- _Task brief_:
In your copy of the data, keep every word exact and include no pictures.

Content starts

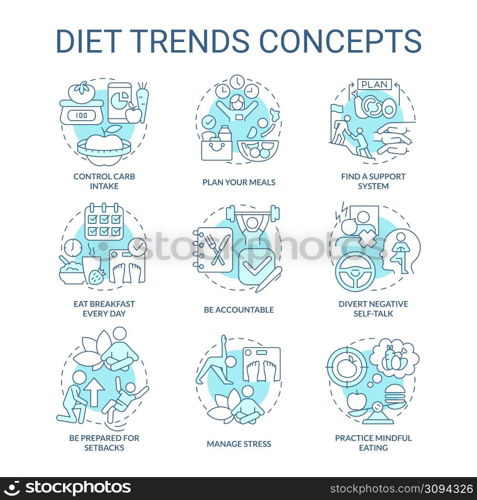 Diet trends turquoise concept icons set. Healthy lifestyle and eating. Weight control idea thin line color illustrations. Isolated symbols. Editable stroke. Roboto-Medium, Myriad Pro-Bold fonts used. Diet trends turquoise concept icons set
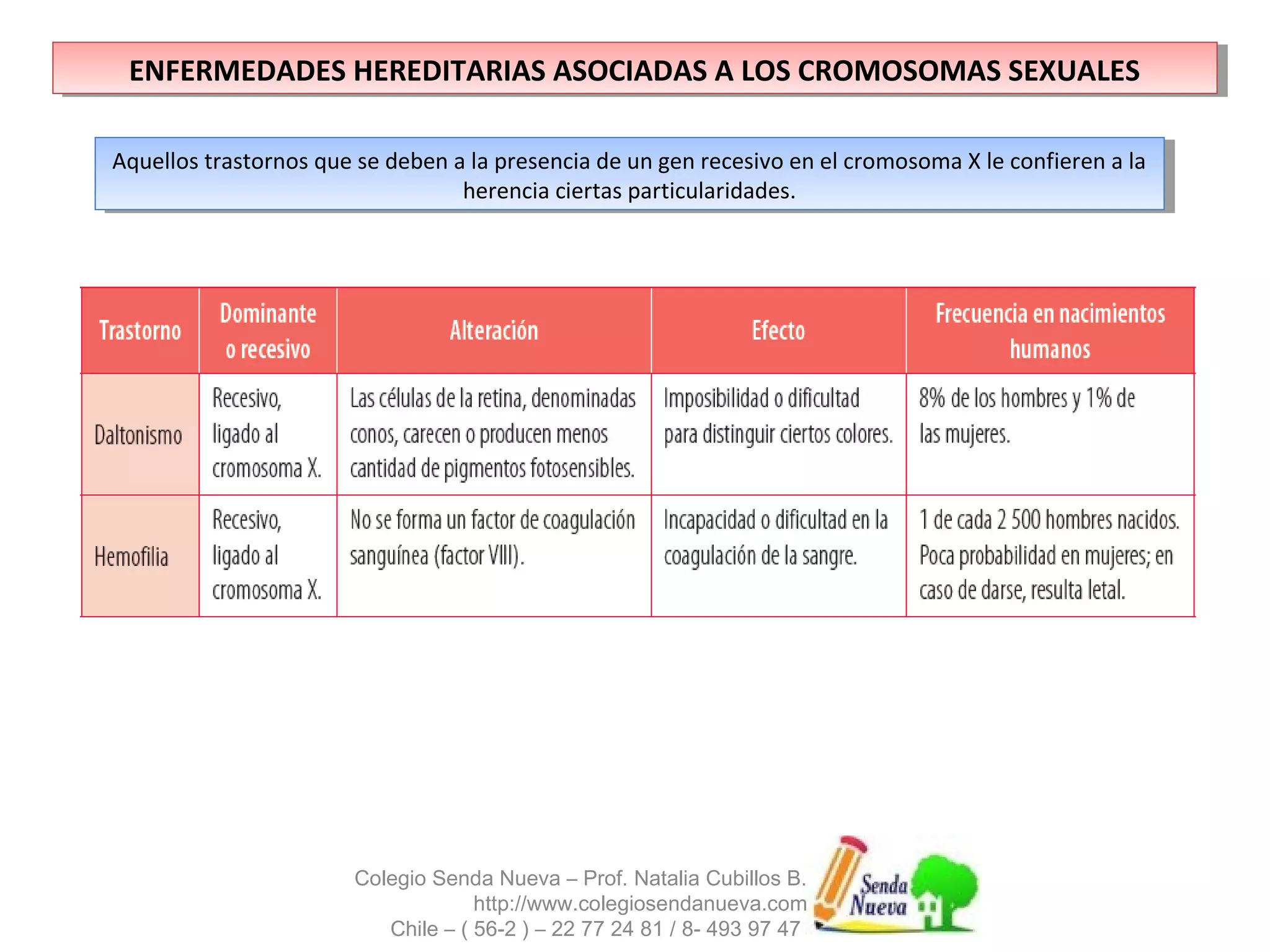 ENFERMEDADES HEREDITARIAS ASOCIADAS A LOS ENFERMEDADES HEREDITARIAS ASOCIADAS A LOS CCRROOMMOOSSOOMMAASS S SEEXXUUAALLEESS 
Aquellos trastornos que se deben a la presencia de un gen recesivo en el cromosoma X le confieren a la 
Aquellos trastornos que se deben a la presencia de un gen recesivo en el cromosoma X le confieren a la 
herencia ciertas particularidades. 
herencia ciertas particularidades. 
Colegio Senda Nueva – Prof. Natalia Cubillos B. 
http://www.colegiosendanueva.com 
Chile – ( 56-2 ) – 22 77 24 81 / 8- 493 97 47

Content ends

- _Written answer_:
 Diet trends turquoise concept icons set. Healthy lifestyle and eating. Weight control idea thin line color illustrations. Isolated symbols. Editable stroke. Roboto-Medium, Myriad Pro-Bold fonts used. Diet trends turquoise concept icons set
 ENFERMEDADES HEREDITARIAS ASOCIADAS A LOS ENFERMEDADES HEREDITARIAS ASOCIADAS A LOS CCRROOMMOOSSOOMMAASS S SEEXXUUAALLEESS 
Aquellos trastornos que se deben a la presencia de un gen recesivo en el cromosoma X le confieren a la 
Aquellos trastornos que se deben a la presencia de un gen recesivo en el cromosoma X le confieren a la 
herencia ciertas particularidades. 
herencia ciertas particularidades. 
Colegio Senda Nueva – Prof. Natalia Cubillos B. 
http://www.colegiosendanueva.com 
Chile – ( 56-2 ) – 22 77 24 81 / 8- 493 97 47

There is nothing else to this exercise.